The problem => Nothing but the lines below from the one holding "广州苏博建材有限公司 map" up to and including the one holding "japanese window style on building japanese" should be copied, exactly and without pictures.

Data provided =>
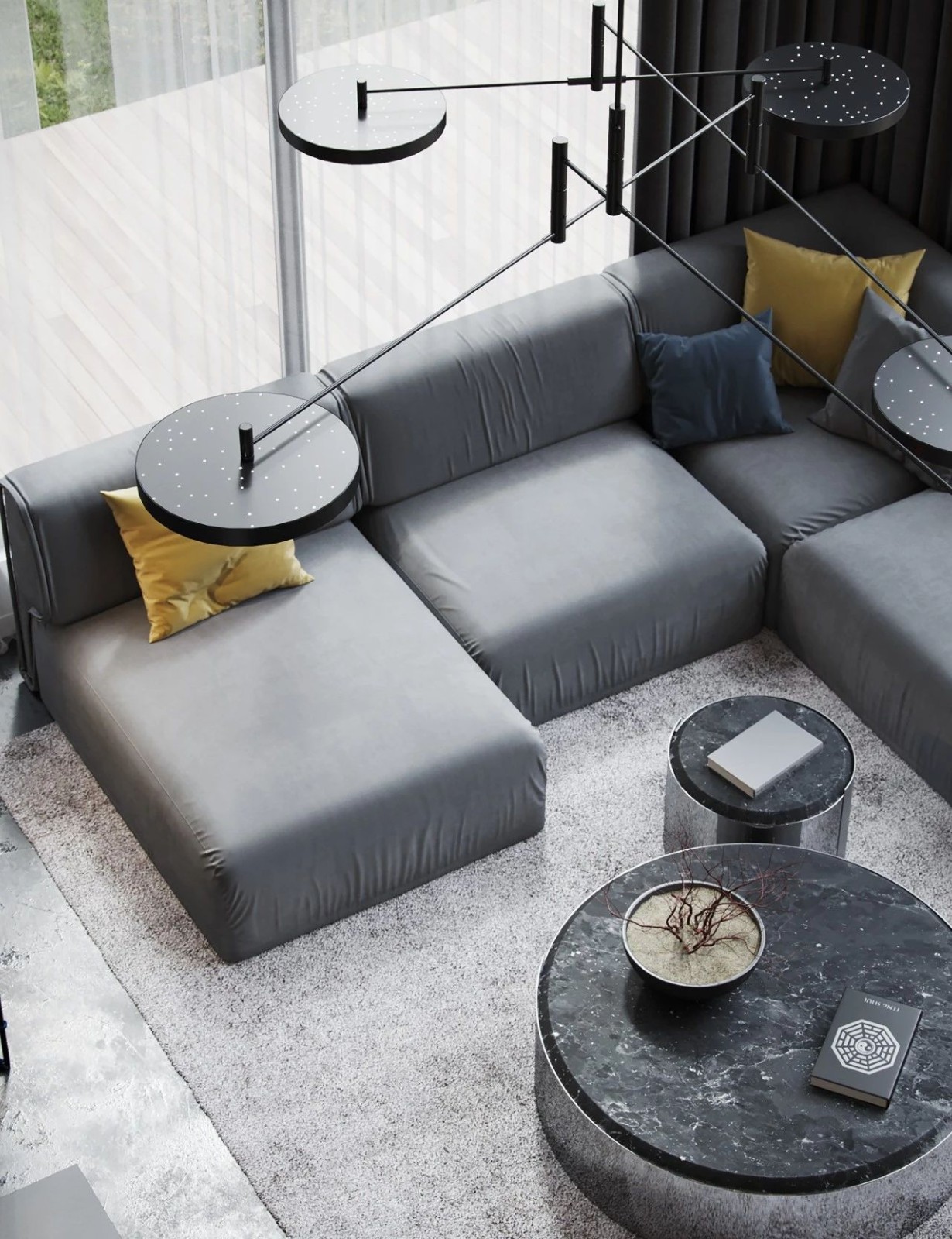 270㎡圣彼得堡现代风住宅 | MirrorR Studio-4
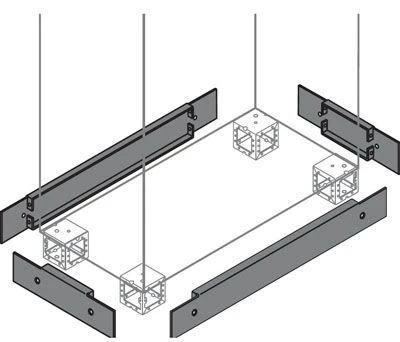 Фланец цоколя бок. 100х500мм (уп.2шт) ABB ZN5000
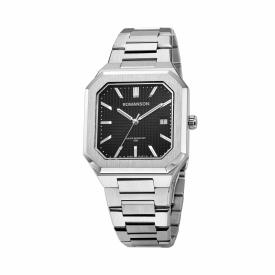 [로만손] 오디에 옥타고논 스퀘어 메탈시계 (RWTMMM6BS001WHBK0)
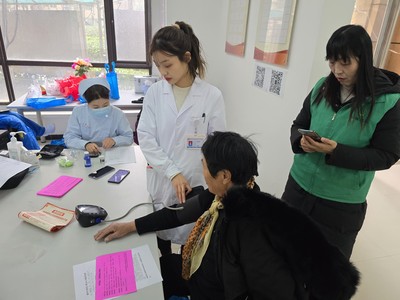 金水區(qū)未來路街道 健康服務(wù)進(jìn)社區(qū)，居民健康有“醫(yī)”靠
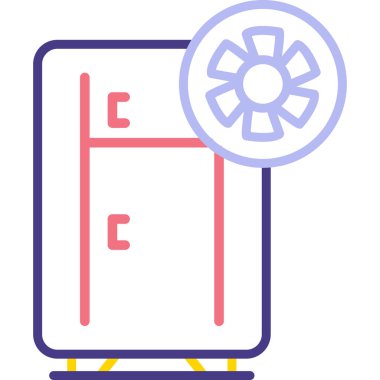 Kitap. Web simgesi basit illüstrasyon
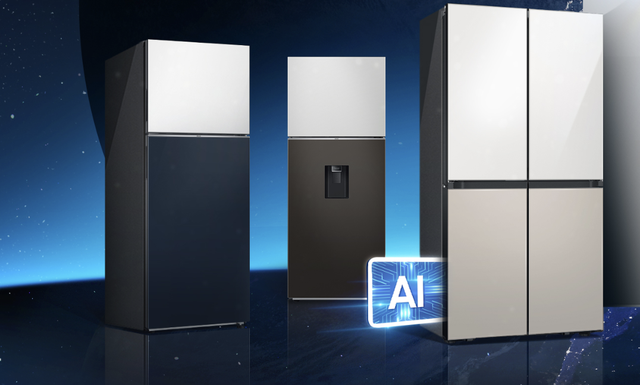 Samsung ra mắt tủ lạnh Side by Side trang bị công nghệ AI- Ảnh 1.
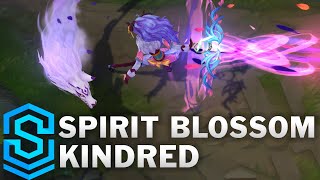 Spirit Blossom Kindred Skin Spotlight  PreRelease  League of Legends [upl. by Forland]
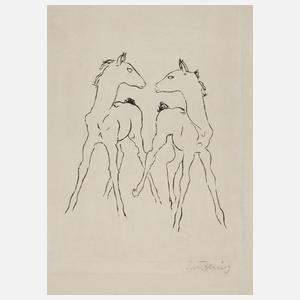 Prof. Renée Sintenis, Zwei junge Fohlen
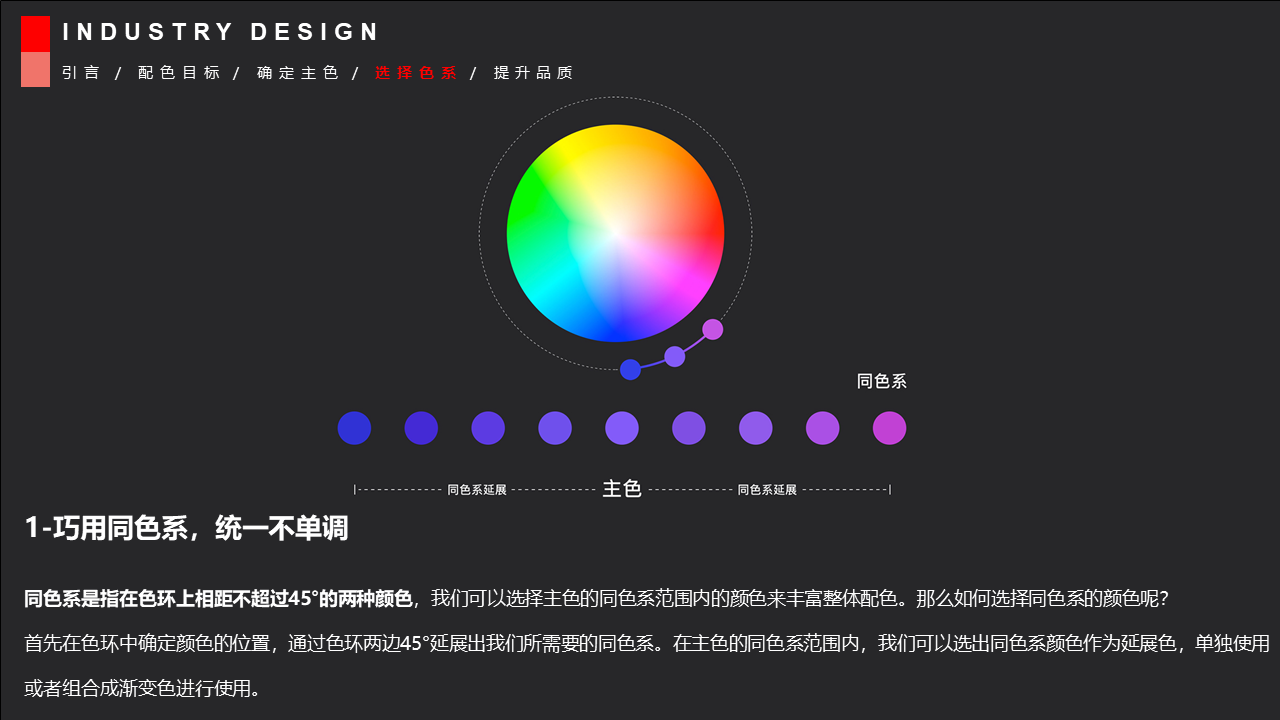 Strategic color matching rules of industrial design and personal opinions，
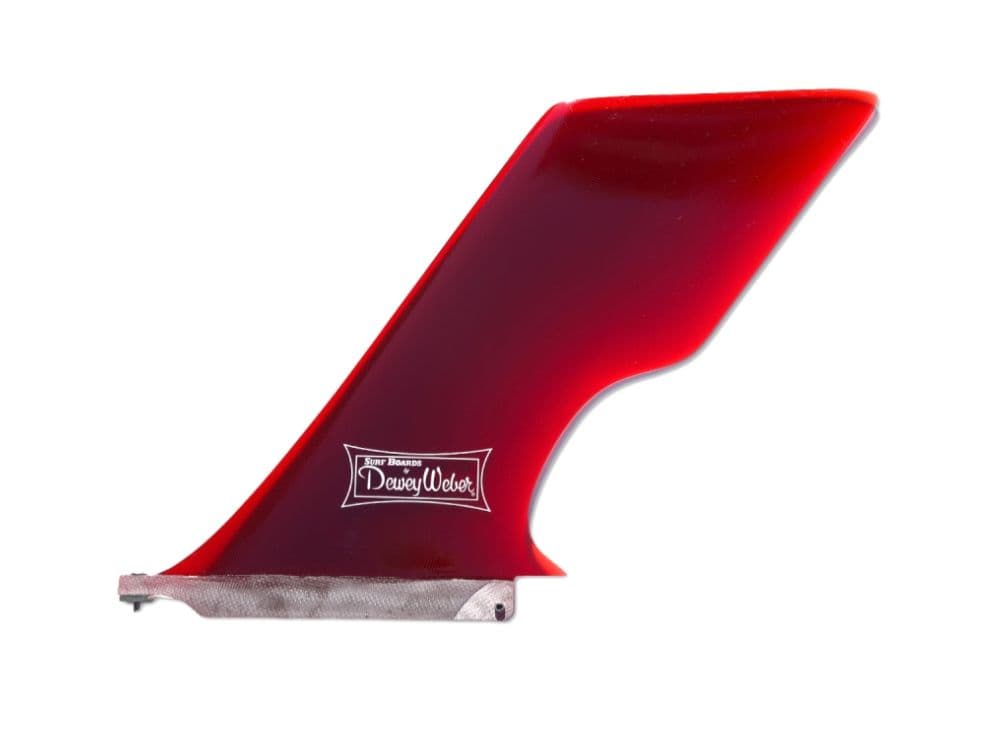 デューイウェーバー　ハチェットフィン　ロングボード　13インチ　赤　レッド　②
* * *
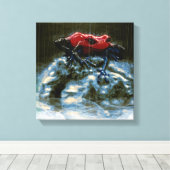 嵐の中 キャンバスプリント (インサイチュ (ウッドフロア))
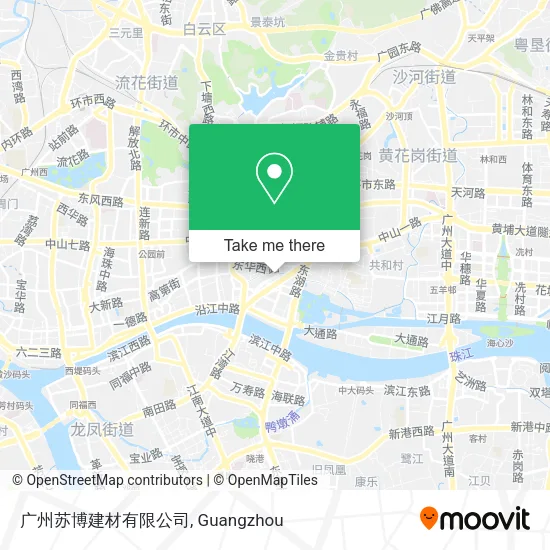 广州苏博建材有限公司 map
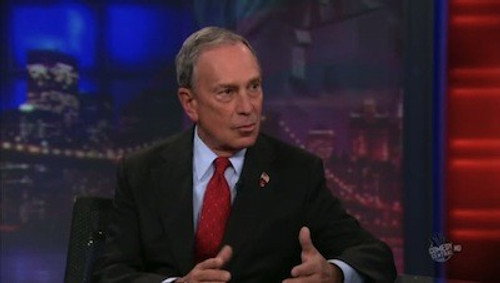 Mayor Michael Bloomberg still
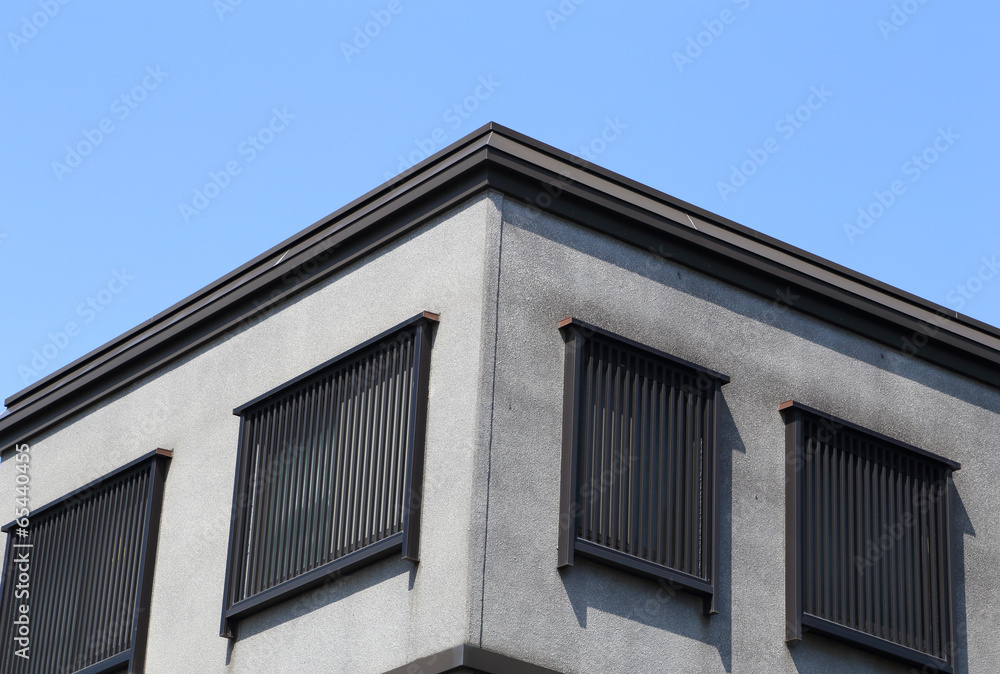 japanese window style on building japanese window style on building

Exercise answer =>
 广州苏博建材有限公司 map
 Mayor Michael Bloomberg still
 japanese window style on building japanese window style on building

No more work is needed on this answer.